I am just worried because I have not been running much lately. How about some ideas on breathing and maintaining stamina for the two minutes


----------



## stm4710 (Jul 6, 2004)

> I am just worried because I have not been running much lately. How about some ideas on breathing and maintaining stamina for the two minutes


Well no offense, but if you knew it was comeing........why didnt you run and give your self the best shot?????? ](*,)

I got no tricks for running. I hate running....I got crappy knees from doing firefighting stuff since I was 16 and being a catcher in baseball.:musicboo: But for stamina, I do run up and down stairs with the dummy or the dummy drag......I just breathe hard and deep , keep pushing your self as hard as you can. Its mental toughness.


----------



## Erose (Jan 22, 2003)

campuspdchic said:


> :???: Does anyone have any ideas on how to RELAX before the PAT???? I am soooo nervous and I completely bombed the practice test!!

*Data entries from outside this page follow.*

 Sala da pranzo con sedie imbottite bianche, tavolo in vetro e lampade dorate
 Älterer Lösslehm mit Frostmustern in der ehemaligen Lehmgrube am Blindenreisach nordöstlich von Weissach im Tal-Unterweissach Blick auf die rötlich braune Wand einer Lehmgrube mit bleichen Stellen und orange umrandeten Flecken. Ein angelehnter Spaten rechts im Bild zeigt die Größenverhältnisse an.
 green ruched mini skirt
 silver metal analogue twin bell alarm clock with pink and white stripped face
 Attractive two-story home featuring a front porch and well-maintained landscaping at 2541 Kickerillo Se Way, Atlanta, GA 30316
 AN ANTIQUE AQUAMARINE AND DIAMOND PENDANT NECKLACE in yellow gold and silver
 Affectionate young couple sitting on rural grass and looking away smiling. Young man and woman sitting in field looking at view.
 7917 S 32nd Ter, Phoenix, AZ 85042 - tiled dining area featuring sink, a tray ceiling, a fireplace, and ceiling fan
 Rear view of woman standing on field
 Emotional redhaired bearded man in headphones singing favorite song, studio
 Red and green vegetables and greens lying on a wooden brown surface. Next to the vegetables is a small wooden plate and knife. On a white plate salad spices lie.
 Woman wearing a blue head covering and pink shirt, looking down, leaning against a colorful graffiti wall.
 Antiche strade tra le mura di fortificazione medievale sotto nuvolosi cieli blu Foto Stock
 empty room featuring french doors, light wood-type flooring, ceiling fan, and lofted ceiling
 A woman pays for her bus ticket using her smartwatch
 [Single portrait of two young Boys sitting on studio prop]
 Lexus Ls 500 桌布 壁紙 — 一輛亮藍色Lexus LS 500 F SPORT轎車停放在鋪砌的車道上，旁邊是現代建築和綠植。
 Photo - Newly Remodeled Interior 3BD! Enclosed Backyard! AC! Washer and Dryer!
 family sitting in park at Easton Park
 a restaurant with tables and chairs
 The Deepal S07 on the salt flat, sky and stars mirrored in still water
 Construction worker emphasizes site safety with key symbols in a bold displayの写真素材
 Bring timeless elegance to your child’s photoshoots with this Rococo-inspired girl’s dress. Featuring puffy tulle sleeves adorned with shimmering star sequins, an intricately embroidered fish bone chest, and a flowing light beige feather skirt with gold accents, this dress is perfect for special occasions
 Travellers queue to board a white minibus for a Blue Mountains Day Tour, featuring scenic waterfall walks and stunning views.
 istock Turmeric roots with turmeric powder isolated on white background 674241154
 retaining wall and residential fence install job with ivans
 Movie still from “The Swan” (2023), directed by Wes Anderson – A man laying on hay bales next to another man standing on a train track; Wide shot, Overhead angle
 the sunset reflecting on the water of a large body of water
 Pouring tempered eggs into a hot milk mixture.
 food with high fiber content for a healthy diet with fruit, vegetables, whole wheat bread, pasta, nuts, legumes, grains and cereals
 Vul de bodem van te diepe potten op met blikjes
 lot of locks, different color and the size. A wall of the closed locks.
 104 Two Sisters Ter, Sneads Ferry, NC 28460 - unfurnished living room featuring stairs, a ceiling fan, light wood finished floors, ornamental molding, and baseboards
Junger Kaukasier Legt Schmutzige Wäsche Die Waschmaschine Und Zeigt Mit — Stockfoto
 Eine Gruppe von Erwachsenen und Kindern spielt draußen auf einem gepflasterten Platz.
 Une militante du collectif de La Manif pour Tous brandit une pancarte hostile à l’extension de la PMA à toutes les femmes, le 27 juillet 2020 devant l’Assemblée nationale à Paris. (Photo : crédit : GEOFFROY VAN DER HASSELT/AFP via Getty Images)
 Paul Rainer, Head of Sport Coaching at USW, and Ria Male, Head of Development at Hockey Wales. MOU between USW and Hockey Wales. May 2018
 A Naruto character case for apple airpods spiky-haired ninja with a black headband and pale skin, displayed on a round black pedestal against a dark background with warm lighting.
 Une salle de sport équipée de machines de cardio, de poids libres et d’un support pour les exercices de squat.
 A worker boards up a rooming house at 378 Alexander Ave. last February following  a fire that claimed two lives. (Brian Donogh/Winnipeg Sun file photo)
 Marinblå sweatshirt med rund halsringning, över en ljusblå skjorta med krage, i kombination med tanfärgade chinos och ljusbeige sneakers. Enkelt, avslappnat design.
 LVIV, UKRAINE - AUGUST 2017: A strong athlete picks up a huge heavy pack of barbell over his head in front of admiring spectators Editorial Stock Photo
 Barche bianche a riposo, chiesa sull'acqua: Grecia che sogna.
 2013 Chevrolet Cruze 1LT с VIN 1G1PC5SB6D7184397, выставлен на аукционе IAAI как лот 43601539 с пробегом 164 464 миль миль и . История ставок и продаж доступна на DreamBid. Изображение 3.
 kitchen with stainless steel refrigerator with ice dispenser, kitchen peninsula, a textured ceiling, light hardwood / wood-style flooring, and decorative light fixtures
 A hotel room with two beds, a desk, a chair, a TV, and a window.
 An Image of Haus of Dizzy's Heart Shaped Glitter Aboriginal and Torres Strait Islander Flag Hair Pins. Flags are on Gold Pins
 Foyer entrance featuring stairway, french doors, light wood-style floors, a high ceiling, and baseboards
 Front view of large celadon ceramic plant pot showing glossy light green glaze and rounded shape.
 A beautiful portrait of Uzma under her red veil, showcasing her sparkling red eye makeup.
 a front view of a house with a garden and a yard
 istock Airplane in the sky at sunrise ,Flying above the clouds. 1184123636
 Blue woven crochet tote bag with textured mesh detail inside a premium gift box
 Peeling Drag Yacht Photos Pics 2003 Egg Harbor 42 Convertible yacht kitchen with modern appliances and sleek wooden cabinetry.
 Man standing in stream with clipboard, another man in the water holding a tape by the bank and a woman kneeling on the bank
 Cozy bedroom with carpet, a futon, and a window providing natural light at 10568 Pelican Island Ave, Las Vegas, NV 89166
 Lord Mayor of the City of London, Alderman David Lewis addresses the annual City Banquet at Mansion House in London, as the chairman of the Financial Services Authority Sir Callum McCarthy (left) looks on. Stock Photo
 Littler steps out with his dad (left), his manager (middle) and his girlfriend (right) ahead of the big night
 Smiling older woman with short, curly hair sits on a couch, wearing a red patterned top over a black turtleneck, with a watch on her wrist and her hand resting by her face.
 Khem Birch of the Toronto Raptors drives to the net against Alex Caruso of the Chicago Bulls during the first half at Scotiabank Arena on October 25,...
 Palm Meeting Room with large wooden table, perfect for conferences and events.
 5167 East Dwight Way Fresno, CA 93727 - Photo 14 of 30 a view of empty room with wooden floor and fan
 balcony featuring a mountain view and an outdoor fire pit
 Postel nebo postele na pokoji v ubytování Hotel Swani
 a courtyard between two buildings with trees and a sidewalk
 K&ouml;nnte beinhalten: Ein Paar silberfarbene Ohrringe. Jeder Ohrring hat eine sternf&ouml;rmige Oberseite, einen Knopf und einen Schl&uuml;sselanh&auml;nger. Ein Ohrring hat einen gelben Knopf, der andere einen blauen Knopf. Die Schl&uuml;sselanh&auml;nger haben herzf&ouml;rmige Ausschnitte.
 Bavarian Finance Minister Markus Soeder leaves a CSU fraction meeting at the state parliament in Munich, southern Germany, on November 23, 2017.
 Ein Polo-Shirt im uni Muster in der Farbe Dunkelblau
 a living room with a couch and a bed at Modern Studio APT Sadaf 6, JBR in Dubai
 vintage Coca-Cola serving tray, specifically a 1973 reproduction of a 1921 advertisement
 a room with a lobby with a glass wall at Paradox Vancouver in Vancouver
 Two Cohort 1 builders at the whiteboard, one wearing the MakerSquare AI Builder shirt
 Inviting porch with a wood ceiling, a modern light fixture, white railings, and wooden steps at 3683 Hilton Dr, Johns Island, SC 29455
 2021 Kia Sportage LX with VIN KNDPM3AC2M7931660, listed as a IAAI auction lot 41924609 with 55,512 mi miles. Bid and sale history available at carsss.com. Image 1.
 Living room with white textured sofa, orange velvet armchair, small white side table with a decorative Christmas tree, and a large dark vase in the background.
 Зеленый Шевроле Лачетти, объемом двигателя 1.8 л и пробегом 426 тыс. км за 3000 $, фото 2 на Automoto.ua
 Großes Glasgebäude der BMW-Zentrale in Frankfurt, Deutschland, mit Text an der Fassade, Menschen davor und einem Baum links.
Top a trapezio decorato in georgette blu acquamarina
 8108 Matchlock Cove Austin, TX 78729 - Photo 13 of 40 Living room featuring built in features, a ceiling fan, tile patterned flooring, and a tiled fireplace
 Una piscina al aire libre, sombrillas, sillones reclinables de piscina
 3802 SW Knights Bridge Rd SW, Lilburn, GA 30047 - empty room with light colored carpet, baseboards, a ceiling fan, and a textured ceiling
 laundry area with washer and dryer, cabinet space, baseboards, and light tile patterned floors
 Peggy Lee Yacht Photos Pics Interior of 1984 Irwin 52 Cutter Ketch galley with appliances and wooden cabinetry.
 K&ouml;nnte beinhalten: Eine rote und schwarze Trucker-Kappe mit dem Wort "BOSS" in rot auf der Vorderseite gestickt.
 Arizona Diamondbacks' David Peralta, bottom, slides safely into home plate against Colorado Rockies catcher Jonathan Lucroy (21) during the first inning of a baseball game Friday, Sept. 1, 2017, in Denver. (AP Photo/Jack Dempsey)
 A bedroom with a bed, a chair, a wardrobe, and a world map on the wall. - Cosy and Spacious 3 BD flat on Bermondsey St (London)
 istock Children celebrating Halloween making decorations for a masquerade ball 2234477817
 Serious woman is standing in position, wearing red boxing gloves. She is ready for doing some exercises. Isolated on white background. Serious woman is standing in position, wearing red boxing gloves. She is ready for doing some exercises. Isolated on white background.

Just think positive, get a good night sleep before, and make sure you have breakfast before the test, something light, not too filling. good luck, hang in there.


----------



## Cinderella (Jun 17, 2005)

running is great especially if u have something on ur mind that's making
u anxious .. just run the hell out of it lol
and when u get back home u will be too tired to care! 

Warming up your muscles before you run is a good idea.
thats what i do anyway, Spend at least 5 to 10 minutes doing that..

Also, warming-up can significantly reduce the chances of muscle pulls and strains..

You have to control ur breathing dont rush at first, It's better to run at a slower pace but 
for longer. and just keep going till u drop lol

alternetavely...
come on over and i'll give u a body massage lol:fun: 
only u need to do a bit of swimming before u get here !!

good luck tommorow


----------



## stm4710 (Jul 6, 2004)

> running is great especially if u have something on ur mind that's making
> u anxious .. just run the hell out of it lol
> and when u get back home u will be too tired to care!


Lifting weights does the same thing. Many times after me and the ex :up_yours: broke up I would go to the gym and max out thinking about her during my workout. 
I just was to tierd and worn out to care about anything besides a hot shower and a nap......then later food when I woke up.


----------



## SOT (Jul 30, 2004)

Ummm that's sort of gross...but thanks for sharing.


----------



## Macop (May 2, 2002)

Campuspdchic you will do fine, the PAT test is a joke, I hate to say that but it is true. I was very nervous when I took it and then nearly laughed my head off when I was watching the people do it that were in line before me. It was unbelievably easy, the instructors all were old guys and yelled at us for going to fast. I dropped my duty belt and made a few mistakes that costed me some time (the course is timed) because they did not do a good job on telling you what was expected of you. But the guy said no, no don't worry just keep going. There were people there who were over weight, I was sure they were gonna fail but they did not. Don't worry I am sure you will do fine


----------



## SOT (Jul 30, 2004)

Ohhh I thought he said PAP test....


----------



## Cinderella (Jun 17, 2005)

lmao @ pap test


----------



## ROBOCOP1982 (Sep 4, 2002)

campuspdchic,

I was there today, how did you do?


----------



## COLE (Feb 7, 2003)

Robocop how did you do? Most of the people in the group I was with passed. Very few had trouble.


----------



## Wannabe1 (Aug 8, 2004)

MPTC? I take it? That test is a joke. At least you don't have to do a 1 1/2 mile run after!


----------